(Beginning of DATA SHOWN)

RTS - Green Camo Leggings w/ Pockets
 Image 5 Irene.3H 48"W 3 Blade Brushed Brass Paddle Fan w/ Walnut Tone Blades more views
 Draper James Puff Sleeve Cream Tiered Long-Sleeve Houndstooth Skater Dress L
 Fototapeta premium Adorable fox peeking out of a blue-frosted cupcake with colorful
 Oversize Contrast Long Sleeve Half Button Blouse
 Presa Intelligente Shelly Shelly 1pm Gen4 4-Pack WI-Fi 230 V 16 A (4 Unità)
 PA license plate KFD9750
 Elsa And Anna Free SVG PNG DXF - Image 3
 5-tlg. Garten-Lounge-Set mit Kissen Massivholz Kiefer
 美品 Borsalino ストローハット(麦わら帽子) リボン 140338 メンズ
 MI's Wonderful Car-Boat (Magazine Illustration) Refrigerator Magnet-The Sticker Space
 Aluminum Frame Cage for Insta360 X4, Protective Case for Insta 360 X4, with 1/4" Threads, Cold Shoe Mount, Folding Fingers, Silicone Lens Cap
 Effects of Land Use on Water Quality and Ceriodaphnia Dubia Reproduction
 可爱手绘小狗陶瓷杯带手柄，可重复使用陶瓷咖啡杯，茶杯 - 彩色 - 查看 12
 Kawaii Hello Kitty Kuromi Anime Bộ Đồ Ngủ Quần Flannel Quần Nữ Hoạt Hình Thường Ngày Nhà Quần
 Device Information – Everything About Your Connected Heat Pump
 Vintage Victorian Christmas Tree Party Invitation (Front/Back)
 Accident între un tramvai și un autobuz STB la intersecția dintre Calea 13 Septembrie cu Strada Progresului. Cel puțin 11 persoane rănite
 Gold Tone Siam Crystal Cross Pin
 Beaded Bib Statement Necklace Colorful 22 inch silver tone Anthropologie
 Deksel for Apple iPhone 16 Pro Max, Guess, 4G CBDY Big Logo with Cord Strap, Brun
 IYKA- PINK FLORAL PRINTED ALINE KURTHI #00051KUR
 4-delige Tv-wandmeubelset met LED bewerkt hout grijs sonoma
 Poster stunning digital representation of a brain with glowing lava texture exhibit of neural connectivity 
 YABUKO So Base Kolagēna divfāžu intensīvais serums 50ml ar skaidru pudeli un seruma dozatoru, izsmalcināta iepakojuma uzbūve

(End of DATA SHOWN)

WHAT IS NEEDED: Starting at the line above that contains "Device Information –", repeat each line exactly up to and including the line that contains "Vintage Victorian Christmas", and stop there.

ANSWER TO THE EXERCISE:
 Device Information – Everything About Your Connected Heat Pump
 Vintage Victorian Christmas Tree Party Invitation (Front/Back)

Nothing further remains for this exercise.